> **RECORD EXTRACTS**

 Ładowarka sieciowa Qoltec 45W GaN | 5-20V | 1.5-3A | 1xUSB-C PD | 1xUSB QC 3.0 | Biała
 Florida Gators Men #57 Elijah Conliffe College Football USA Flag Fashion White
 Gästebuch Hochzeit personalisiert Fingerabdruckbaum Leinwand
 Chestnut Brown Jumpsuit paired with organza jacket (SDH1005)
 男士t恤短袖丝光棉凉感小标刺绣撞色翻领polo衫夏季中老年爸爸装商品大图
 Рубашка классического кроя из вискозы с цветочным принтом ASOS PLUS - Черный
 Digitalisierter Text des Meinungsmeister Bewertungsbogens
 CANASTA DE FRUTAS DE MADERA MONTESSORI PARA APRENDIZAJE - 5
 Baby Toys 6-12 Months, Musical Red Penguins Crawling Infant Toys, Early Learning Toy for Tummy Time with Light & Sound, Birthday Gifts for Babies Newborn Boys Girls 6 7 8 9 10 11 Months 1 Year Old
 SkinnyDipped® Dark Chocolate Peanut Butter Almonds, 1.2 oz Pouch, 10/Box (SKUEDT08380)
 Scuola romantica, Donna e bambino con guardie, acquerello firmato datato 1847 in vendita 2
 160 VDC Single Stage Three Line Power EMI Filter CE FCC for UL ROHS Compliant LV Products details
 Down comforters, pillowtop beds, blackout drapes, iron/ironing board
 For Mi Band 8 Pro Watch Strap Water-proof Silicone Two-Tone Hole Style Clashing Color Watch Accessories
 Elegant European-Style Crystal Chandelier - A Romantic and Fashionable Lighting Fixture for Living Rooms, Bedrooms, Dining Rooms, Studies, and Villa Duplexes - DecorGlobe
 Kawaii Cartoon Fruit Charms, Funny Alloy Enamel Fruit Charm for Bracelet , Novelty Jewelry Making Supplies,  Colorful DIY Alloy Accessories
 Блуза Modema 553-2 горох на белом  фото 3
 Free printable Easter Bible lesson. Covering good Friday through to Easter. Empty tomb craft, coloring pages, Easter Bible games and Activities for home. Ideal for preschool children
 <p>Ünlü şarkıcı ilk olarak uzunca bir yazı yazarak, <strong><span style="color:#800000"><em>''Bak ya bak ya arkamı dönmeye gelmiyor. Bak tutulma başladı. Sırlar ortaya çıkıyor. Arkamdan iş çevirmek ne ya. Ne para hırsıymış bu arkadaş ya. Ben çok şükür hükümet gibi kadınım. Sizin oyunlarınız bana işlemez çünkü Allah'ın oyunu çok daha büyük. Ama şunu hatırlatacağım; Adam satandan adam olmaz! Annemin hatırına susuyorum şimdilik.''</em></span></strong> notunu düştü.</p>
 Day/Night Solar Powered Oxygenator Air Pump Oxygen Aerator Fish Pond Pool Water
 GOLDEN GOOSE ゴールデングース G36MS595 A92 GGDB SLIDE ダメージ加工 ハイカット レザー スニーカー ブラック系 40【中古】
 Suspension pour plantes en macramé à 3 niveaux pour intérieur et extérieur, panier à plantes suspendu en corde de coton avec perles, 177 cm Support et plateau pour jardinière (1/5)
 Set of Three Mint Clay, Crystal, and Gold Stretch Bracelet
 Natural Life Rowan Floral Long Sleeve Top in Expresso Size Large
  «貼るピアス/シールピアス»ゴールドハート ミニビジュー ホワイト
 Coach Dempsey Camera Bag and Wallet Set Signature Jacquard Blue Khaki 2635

> **PROBLEM STATEMENT**
What lines of the material contain "with"? Show them.

> **WRITTEN SOLUTION**
 Chestnut Brown Jumpsuit paired with organza jacket (SDH1005)
 Baby Toys 6-12 Months, Musical Red Penguins Crawling Infant Toys, Early Learning Toy for Tummy Time with Light & Sound, Birthday Gifts for Babies Newborn Boys Girls 6 7 8 9 10 11 Months 1 Year Old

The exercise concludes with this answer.